Les turbines éoliennes installées devant les sommets enneigés du mont Hermon, dans le nord du plateau du Golan, le 3 janvier 2021. (Crédit : Michael Giladi/Flash90)

Cohen s’est concentrée, dans son document, sur les effets des turbines sur les oiseaux, qui paient déjà le prix de la perte de leurs habitats naturels, de la chasse et du changement climatique.

Israël est un pays de migration pour des centaines de millions d’oiseaux qui se déplacent deux fois par an entre l’Afrique et l’Eurasie. Ce sont des centaines d’espèces d’oiseaux et de chauves-souris qui nichent et qui hibernent sur le territoire.

Et plus un parc éolien est grand, plus les oiseaux susceptibles de se prendre dans les pales des turbines risquent de se blesser ou de mourir, a continué Cohen.

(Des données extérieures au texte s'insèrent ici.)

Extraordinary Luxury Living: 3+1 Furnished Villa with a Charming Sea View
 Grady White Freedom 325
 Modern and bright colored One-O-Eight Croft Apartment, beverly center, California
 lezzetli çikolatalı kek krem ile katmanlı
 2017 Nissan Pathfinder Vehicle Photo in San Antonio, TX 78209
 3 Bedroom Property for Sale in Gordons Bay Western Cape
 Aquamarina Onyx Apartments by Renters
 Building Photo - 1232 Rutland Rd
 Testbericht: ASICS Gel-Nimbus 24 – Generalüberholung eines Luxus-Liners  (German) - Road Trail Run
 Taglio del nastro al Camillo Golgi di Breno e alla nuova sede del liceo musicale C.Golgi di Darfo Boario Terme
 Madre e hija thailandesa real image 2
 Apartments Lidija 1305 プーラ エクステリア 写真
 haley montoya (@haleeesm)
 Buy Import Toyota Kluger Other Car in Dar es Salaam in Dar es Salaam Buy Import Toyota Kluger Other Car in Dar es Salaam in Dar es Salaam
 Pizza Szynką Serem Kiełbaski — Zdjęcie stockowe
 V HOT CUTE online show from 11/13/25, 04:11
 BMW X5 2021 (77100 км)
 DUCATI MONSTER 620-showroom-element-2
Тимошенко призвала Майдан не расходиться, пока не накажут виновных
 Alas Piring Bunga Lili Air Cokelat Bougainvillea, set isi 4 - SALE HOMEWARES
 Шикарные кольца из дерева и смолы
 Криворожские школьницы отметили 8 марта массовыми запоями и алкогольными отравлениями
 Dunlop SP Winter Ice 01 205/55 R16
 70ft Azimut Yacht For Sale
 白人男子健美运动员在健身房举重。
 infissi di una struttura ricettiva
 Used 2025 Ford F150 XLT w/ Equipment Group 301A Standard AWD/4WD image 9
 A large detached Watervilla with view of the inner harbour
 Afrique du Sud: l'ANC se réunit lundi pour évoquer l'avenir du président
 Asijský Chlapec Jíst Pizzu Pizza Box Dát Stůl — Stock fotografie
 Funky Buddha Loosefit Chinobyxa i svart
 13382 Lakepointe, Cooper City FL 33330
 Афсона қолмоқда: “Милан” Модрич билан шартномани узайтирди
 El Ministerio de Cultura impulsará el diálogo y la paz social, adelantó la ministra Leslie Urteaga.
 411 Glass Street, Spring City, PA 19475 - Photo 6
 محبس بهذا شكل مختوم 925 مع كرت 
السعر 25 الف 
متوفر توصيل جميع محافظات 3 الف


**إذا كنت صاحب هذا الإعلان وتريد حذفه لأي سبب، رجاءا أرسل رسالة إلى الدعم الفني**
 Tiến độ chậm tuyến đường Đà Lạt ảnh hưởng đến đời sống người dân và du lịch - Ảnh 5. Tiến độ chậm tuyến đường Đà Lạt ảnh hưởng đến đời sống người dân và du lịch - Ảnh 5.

La carcasse d’une chauve-souris dans le parc éolien de Ramat Sirin. Cette espèce particulière est en danger d’extinction et sa mortalité est particulièrement élevée dans les parcs éoliens de Sirin et de Gilboa. (Crédit : Autorité israélienne de la nature et des parcs)

Elle a ajouté que l’accumulation d’éléments scientifiques, au fil des années, avait souligné les effets néfastes des turbines sur d’autres espèces animales également – des animaux vivant sous la terre aux insectes en passant par les amphibiens.

Les Lois sur le zonage dans le domaine spécifique de la construction et de l’exploitation des turbines éoliennes définissent un « seuil » de nuisance pour les oiseaux, ce qui nécessite une étude avant de nouvelles approbations possibles, et ce qui nécessite également des activités de suivi et de contrôle une fois qu’elles sont installées.

Et, selon Cohen, les contrôles de base qui ont été réalisés sur les turbines depuis le début de leur exploitation, en 2016, mettent l’accent sur une mortalité élevée des oiseaux dans des espèces qui sont déjà en voie de disparition, au-delà du seuil qui a été établi dans la législation.

Galit Cohen, directrice générale du ministère de la Protection de l’environnement. (Crédit : Haim Zach / GPO)

Israël concentre particulièrement ses efforts sur l’énergie solaire dans son projet de renforcement des énergies renouvelables, mais le pays s’est fixé l’objectif de générer 730 mégawatts à partir de l’éolienne à l’horizon 2030.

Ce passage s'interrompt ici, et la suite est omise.